Re: [PATCH v2 1/3] iommu/s390: Fix duplicate domain attachments

Niklas Schnelle <schnelle@xxxxxxxxxxxxx> · Tue, 27 Sep 2022 18:33:48 +0200

On Mon, 2022-09-26 at 10:46 -0300, Jason Gunthorpe wrote:
> On Mon, Sep 26, 2022 at 11:00:53AM +0200, Niklas Schnelle wrote:
> 
> > > > +out_unregister_restore:
> > > > +	zpci_unregister_ioat(zdev, 0);
> > > >  out_restore:
> > > > -	if (!zdev->s390_domain) {
> > > > +	zdev->dma_table = NULL;
> > > > +	if (prev_domain)
> > > > +		s390_iommu_attach_device(&prev_domain->domain,
> > > > +					 dev);
> > > 
> > > Huh. That is a surprising thing
> > > 
> > > I think this function needs some re-ordering to avoid this condition
> > > 
> > > The checks for aperture should be earlier, and they are not quite
> > > right. The aperture is only allowed to grow. If it starts out as 0 and
> > > then is set to something valid on first attach, a later attach cannot
> > > then shrink it. There could already be mappings in the domain under
> > > the now invalidated aperture and no caller is prepared to deal with
> > > this.
> > 
> > Ohh I think this is indeed broken. Let me rephrase to see if I
> > understand correctly. You're saying that while we only allow exactly
> > matching apertures on additional attaches, we do allow shrinking if
> > there is temporarily no device attached to the domain. That part is
> > then broken because there could still be mappings outside the new
> > aperture stored in the translation tables?
> 
> Right, go from 0 -> sized apperture on first attach, and then once it
> is sized it doesn't change again.

Ok, some background. This is currently largely a theoretical issue as
all native PCI devices that currently exist on s390 have the same zdev-
>start_dma (0x100000000) and we will set zdev->end_dma to (zdev-
>start_dma + MEMORY_SIZE) in zpci_dma_init_device() to save space for
our IOVA allocation bitmap. So currently no shrinking can occur.

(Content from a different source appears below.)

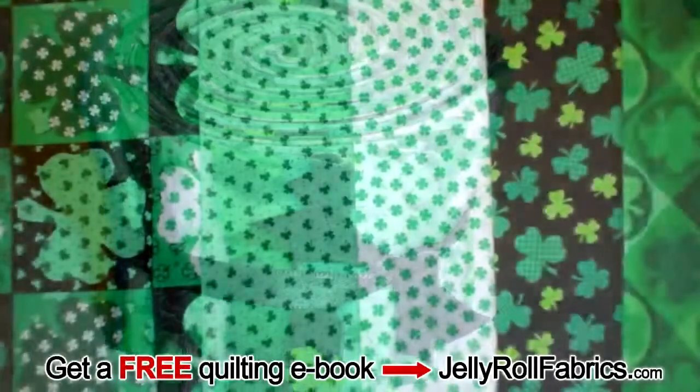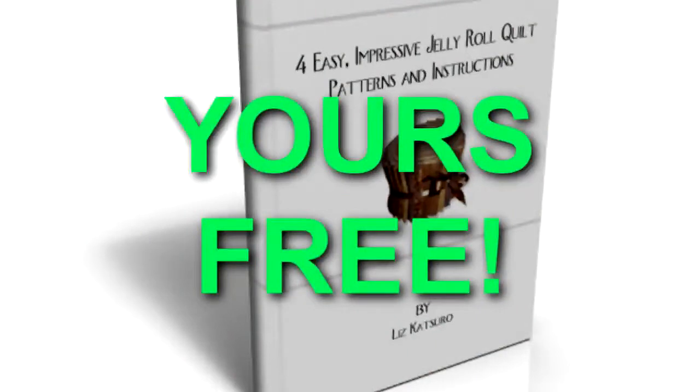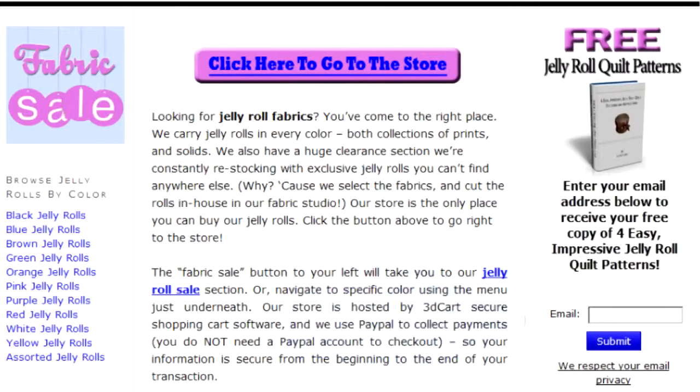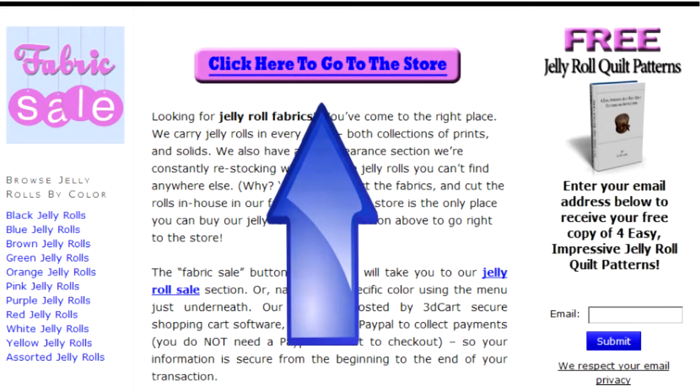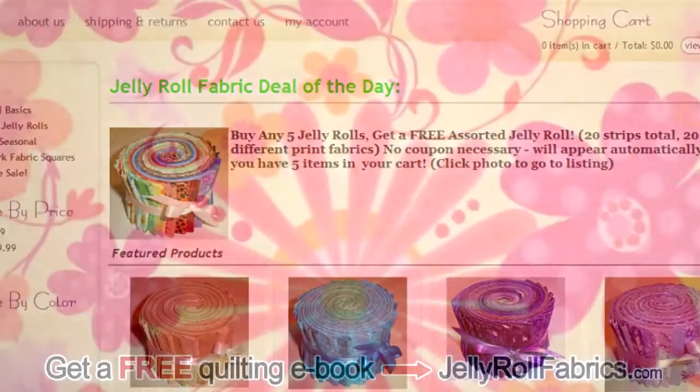Go to JellyRollFabrics.com to download a free eBook with 4 new and exciting quilt patterns, which can all be made using Jelly Rolls. Simply fill in your email on the right hand side of the page and your eBook download instructions will be mailed to you promptly. Once you're done, click on the store button above and browse around the Jelly Roll store to see some of their wonderful and exciting prints and colors. That's JellyRollFabrics.com.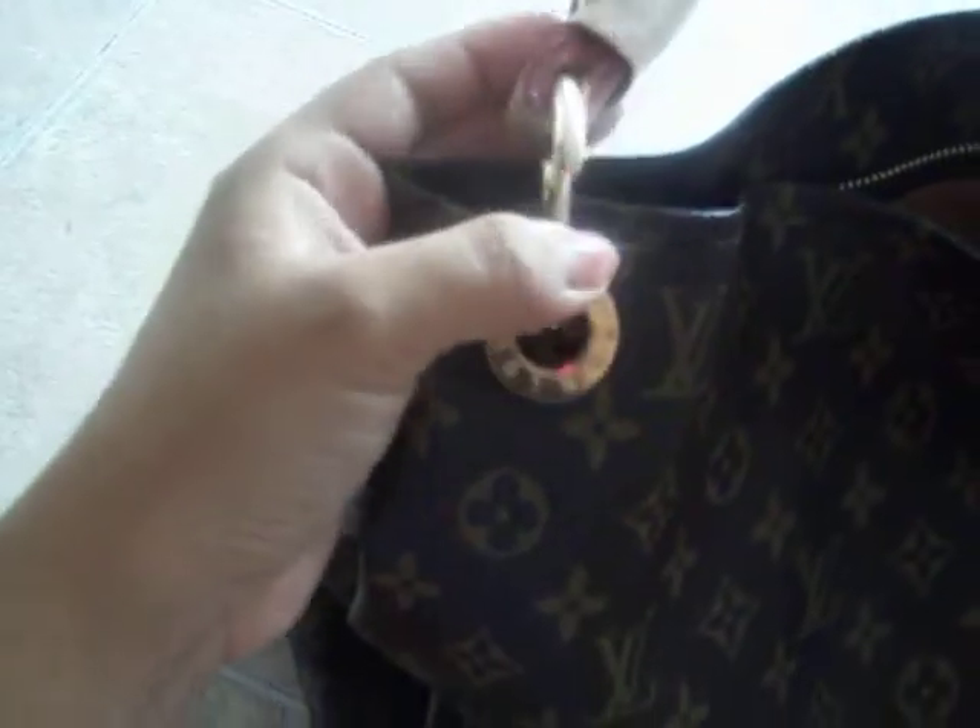I love it. I could take the strap off if I wanted to, because it has these little clip thingies — you just push down and it can come off, right here — and then I can just take this off.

Still I think we should do this properly. Also by the way, there is a
known off-by-one (aperture too small) in the current checks for which I
was about to send a patch as part of the conversion to using dma-
iommu.c.

>  
> > > That leaves the only error case as zpci_register_ioat() - which seems
> > > like it is the actual "attach" operation. Since
> > > __s390_iommu_detach_device() is just internal accounting (and can't
> > > fail) it should be moved after
> > > 
> > > So the logic order should be
> > > 
> > > 1) Attempt to widen the aperture, if this fails the domain is
> > >    incompatible bail immediately
> > 
> > Question. If the widening succeeds but we fail later during the attach
> > e.g. in 2) then the aperture remains widend or would that be rolled
> > back? 
> 
> I'd leave it widened.
> 
> IMHO I don't like this trick of setting the aperture on attach. It is
> logically wrong. The aperture is part of the configuration of the page
> table itself. The domain should know what page table format and thus
> apterture it has the moment it is allocated. Usually this is the
> related to the number of levels in the radix tree.
> 
> It seems to me that the issue here is trying to use the aperture when
> the reserved region is the appropriate tool.
> 
> eg I see that s390_domain_alloc calls dma_alloc_cpu_table() which just
> allocates a 3 level radix tree. This means it has a specific max
> address that can be passed to dma_walk_cpu_trans(). So the aperture
> should be fixed based on the radix tree parameters.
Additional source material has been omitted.